Mussolini anhelaba ser el hombre que ganara la guerra y todo apuntaba a que lo creía posible. Así lo prueba que en octubre de 1940, en una acción incomprensible, sin que nadie lo esperara y sin ni siquiera poner a Hitler sobre aviso, ordenase atacar Grecia. Tan unipersonal fue la decisión que hasta el jefe de su Estado Mayor se enteró de la invasión por radio. Con ella pretendía recuperar el honor perdido en los Alpes, reducir la presencia inglesa en el Mediterráneo y contrarrestar la influencia alemana en los Balcanes. Es evidente que infravaloró a las tropas helenas, que humillaron a las italianas haciéndoles retroceder hasta Albania en solo un mes.
La batalla por el Mediterráneo contaba con dos actores principales: la Regia Marina, con potentes y modernas unidades de superficie y destacables submarinos, y la Royal Navy, con sus fuerzas divididas por todos los mares.

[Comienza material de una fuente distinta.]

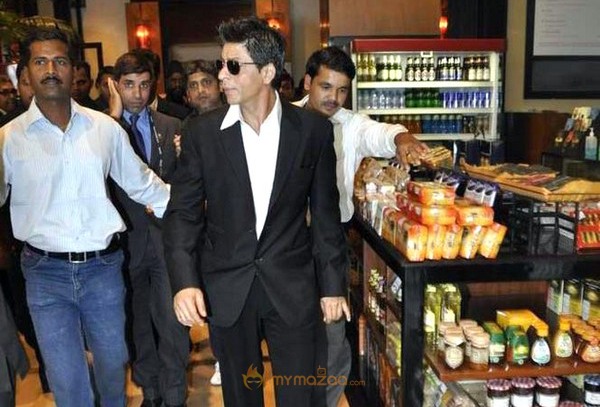 SRK, Katrina and Victoria (Dutch) at FICCI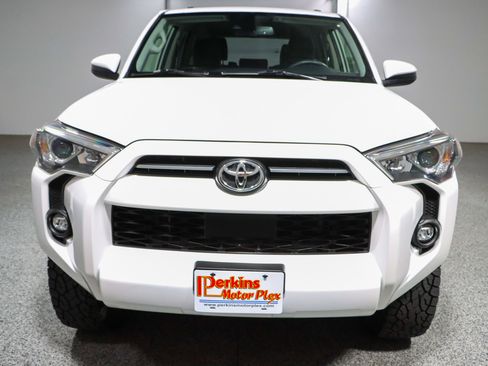 Used 2021 Toyota 4Runner SR5 AWD/4WD image 4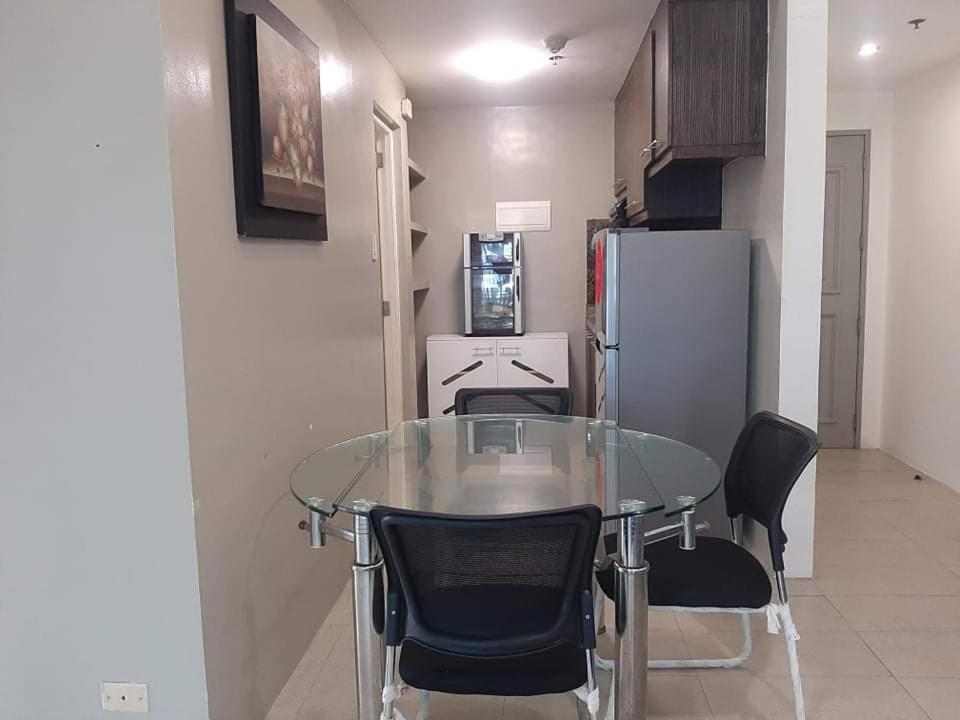 Spacious 2 Bedroom Unit With Pool Маніла Екстер'єр фото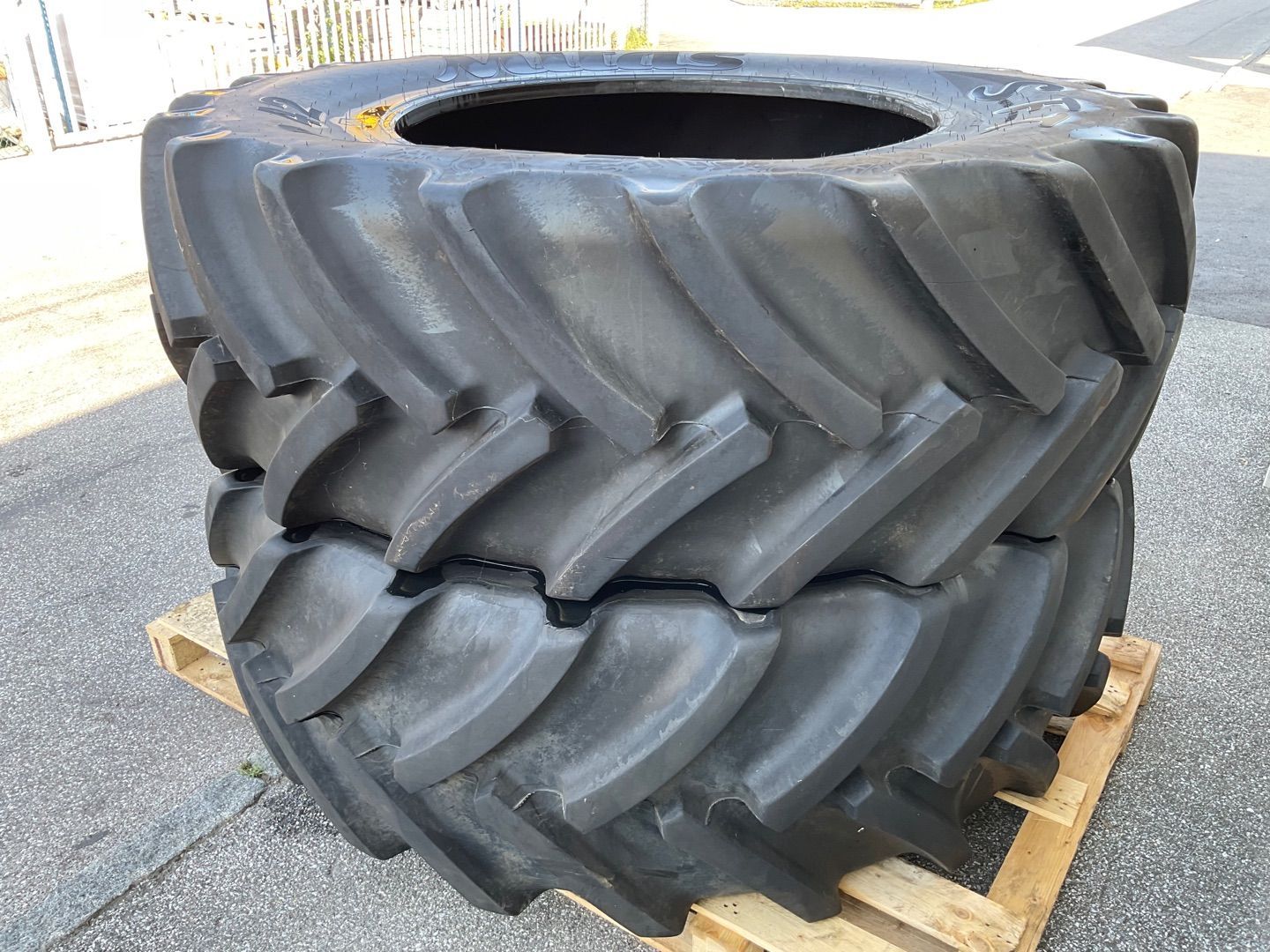 E-FARM: Mitas 650/75 R 42 - Wheel and track - id UGPZLDX - €6,000 - Year of construction: 2022 - Austria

Pese a todo, los británicos tomaron la iniciativa conscientes de sus ventajas: conocían en parte los planes del Eje, contaban con muchas más reservas de combustible que los italianos y sus buques tenían radar, especialmente importante en los combates nocturnos. Pero su mayor baza era que, a diferencia de los italianos, poseían aviación naval y suficiente coordinación con la aviación en tierra. En este contexto, en noviembre de 1940 atacaron de noche a la flota italiana anclada en la base de Tarento. Y a finales de marzo de 1941, lo hicieron de nuevo en otro enfrentamiento nocturno que marcaría un punto de inflexión: la batalla del cabo Matapán, al sur de la península del Peloponeso.
Bajo las órdenes del almirante Andrew Browne Cunningham, la acción combinada de la aviación y de la Royal Navy dio la victoria a los británicos. La Marina italiana quedó seriamente dañada y aún hoy se discuten las polémicas órdenes dadas por su líder, el almirante Angelo Iachino. Dicha tragedia naval fue de tal magnitud que supuso el fin de la hegemonía italiana en el Mediterráneo. Desde entonces se vería obligada a una actitud meramente defensiva, mientras la flota británica se convertía en dueña y señora del Mare Nostrum.
Estaba claro que los italianos no podían con los griegos, así que en abril de 1941 Hitler envió fuerzas al archipiélago para sacar a Mussolini del apuro. Dos semanas bastaron a los alemanes para imponerse y arreglar la “chapuza” que Italia había empezado.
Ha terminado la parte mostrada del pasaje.